While groups such as the Black and Missing Foundation, Native Women’s Wilderness, Coalition to Stop Violence Against Native Women and Our Black Girls are working to bring attention to the issue — and more importantly, helping to find the missing — the majority of social media campaigns, Reddit forums and sites like Websleuths mimic the media’s coverage biases. That’s why redditor Alohaworld created and serves as head moderator of r/MISSINGBIPOC, a subreddit that aims to “create awareness about cases of missing, murdered and/or unidentified BIPOC people throughout the world.”

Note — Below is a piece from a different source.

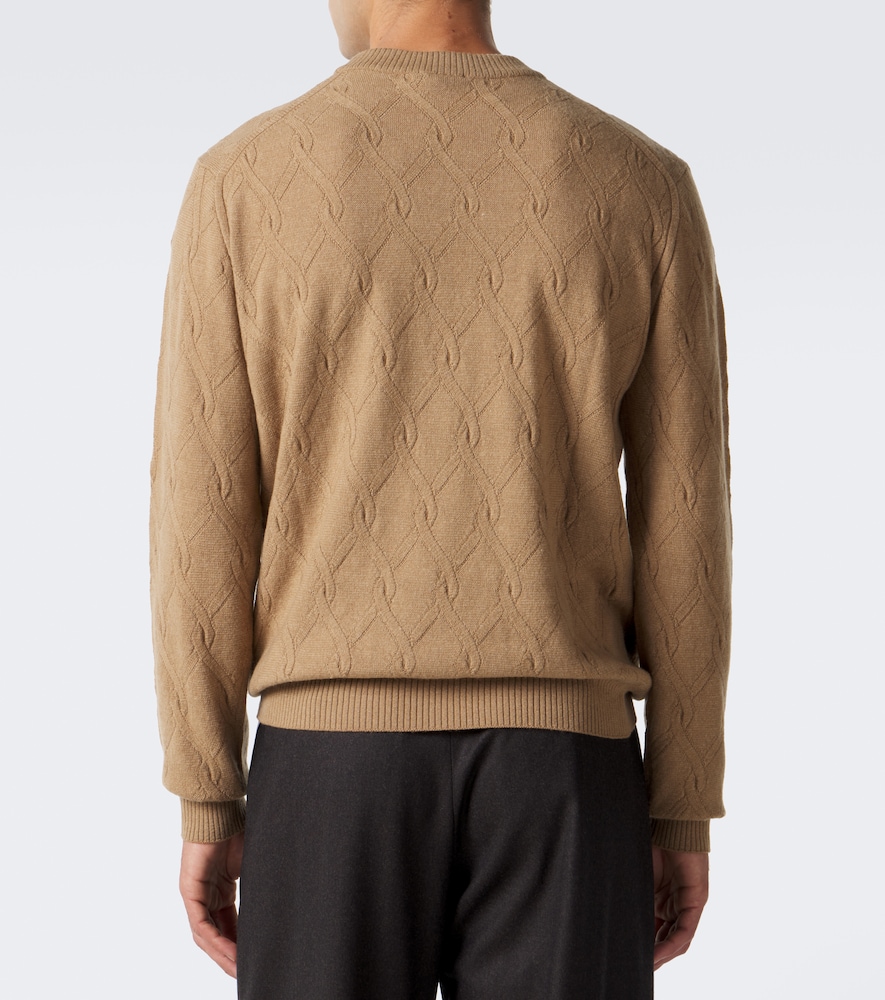 And Cashmere Sweater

Alohaworld, who uses her mod name for security reasons, has ambitious plans for the community — even though she remains both cautious and careful with her endeavor. For good reason, too, as she endures near-daily racist trolling. “I’ve received everything from insults to, ‘You’re racist,’ to sometimes veiled threats,” she tells me. “But, I mean, that’s par for the course on Reddit.”
Over a recent phone call, we discussed the urgent need for the community she’s building, how a venture that’s so vital and beneficial can still upset so many people and why she hopes to never see another Daily Mail link on the subreddit again.

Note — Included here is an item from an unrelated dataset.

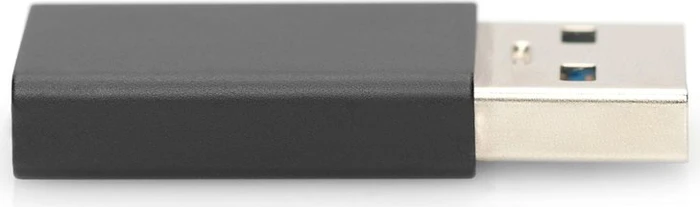 Digitus USB-C 3.0 [Buchse] auf USB-A 3.0 [Stecker], Adapter, schwarz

Has it surprised you to see such hate for something as innocent and good-hearted as trying to raise attention for someone who’s gone missing?
If you create something exclusively for Black, Indigenous and people of color, just a space… We’re not asking Reddit to segregate users or anything like that; we’re just asking for our own space, where we can make our own rules and broadcast our own interests. But some people take that really seriously. Like, “Why are you excluding white people?” My answer is, “You’re not being excluded from Reddit, you have the rest of the space. We just want this one.”

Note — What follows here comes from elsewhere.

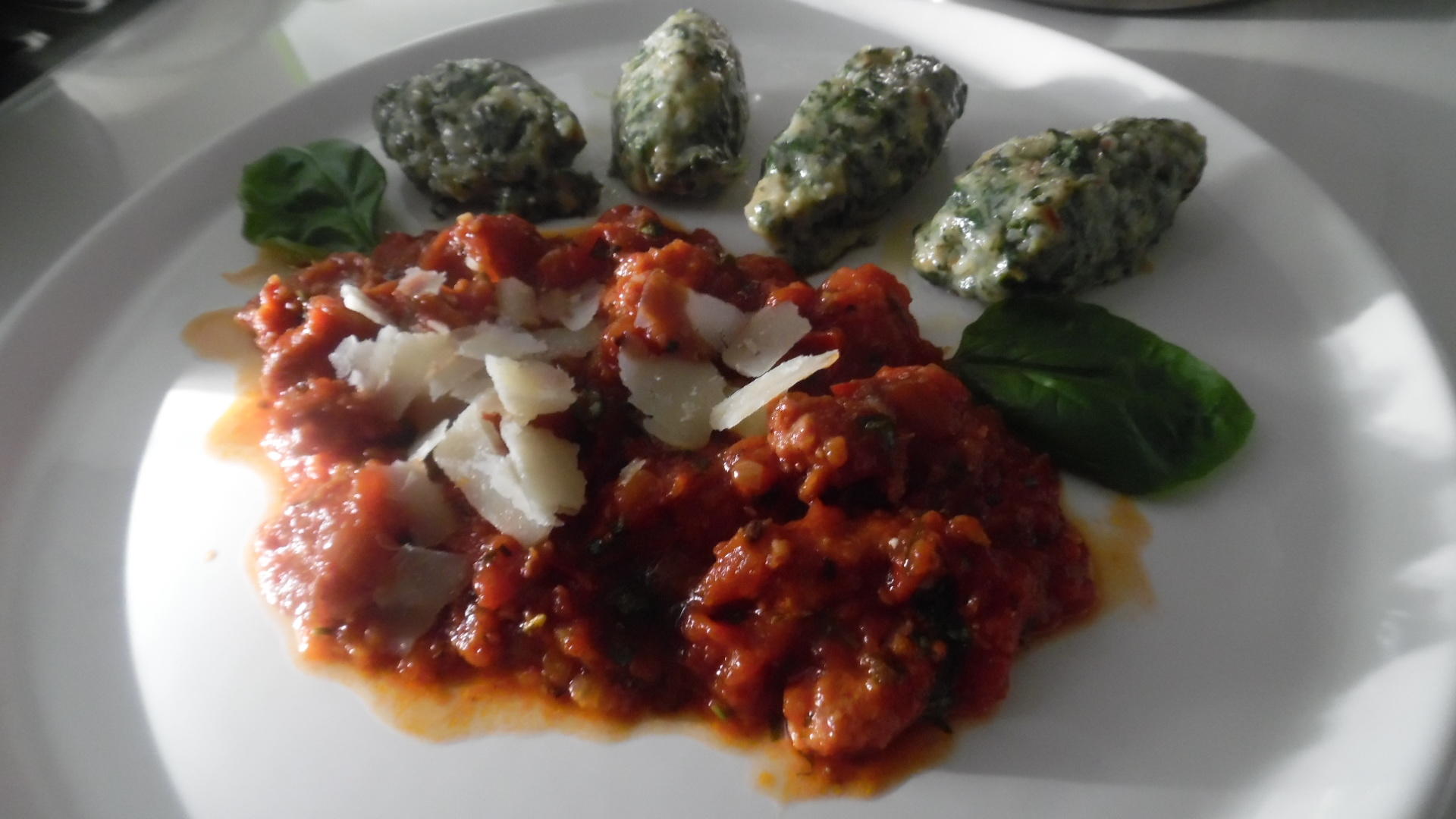 Malfatti, norditalienische Spinat-Nocken - Rezept Gesendet von barbara62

Why do people feel so threatened by anything that places a singular focus on Black, Indigenous and POC? Is it that they feel it’s a denial of their worldview, or just that they’re not used to being excluded?
In the case of our subreddit, we just want to create awareness. That young lady who just disappeared and unfortunately was found dead, I’m so happy she was found, I’m so happy for her family. Nobody deserves to be involved in something like that.
But I can tell you that if you go to any website that lists people who disappear — women who disappear or children — there’s hundreds and hundreds of cases of people of color that have just one name, one picture, and that’s it. We don’t want anyone who disappears — man or woman — not to be looked for.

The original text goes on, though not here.